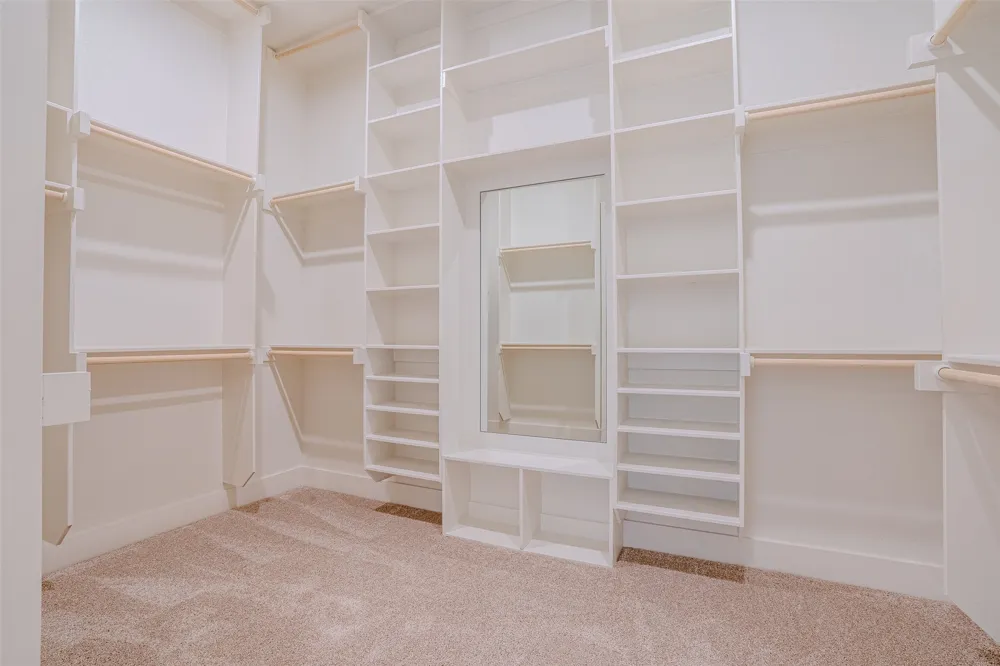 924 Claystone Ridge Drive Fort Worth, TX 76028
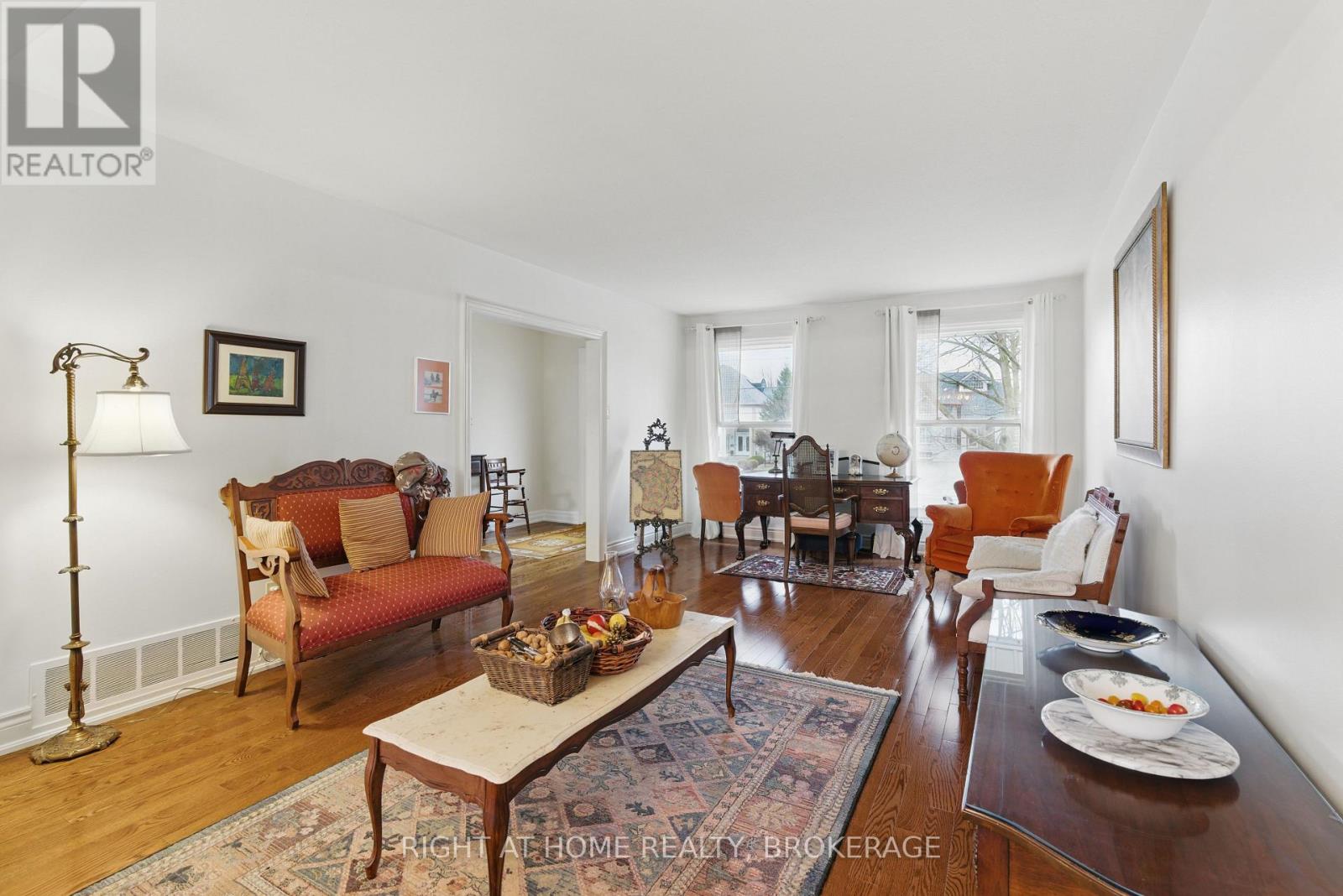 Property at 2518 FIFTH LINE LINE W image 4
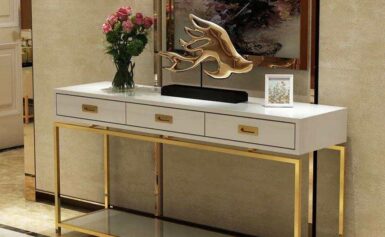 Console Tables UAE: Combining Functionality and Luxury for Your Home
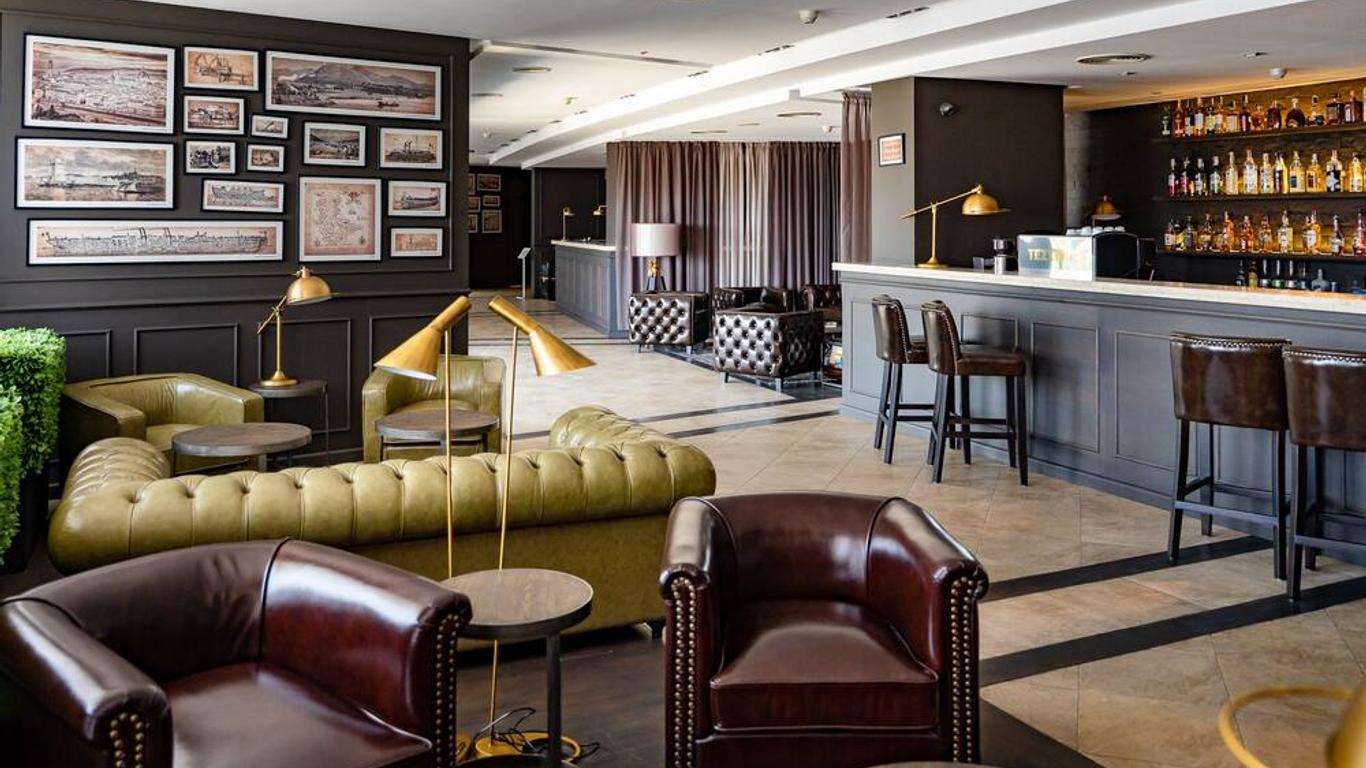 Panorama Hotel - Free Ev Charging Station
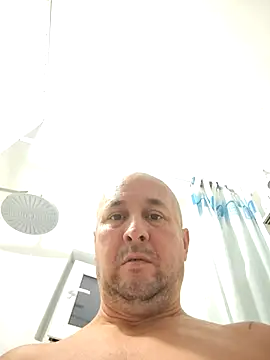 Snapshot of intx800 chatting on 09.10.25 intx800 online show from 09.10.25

■ **Problem**
Output the line containing "Console Tables UAE: Combining" along with every line after it to the end of the material, exactly as written, but without pictures.

■ **Task result**
 Console Tables UAE: Combining Functionality and Luxury for Your Home
 Panorama Hotel - Free Ev Charging Station
 Snapshot of intx800 chatting on 09.10.25 intx800 online show from 09.10.25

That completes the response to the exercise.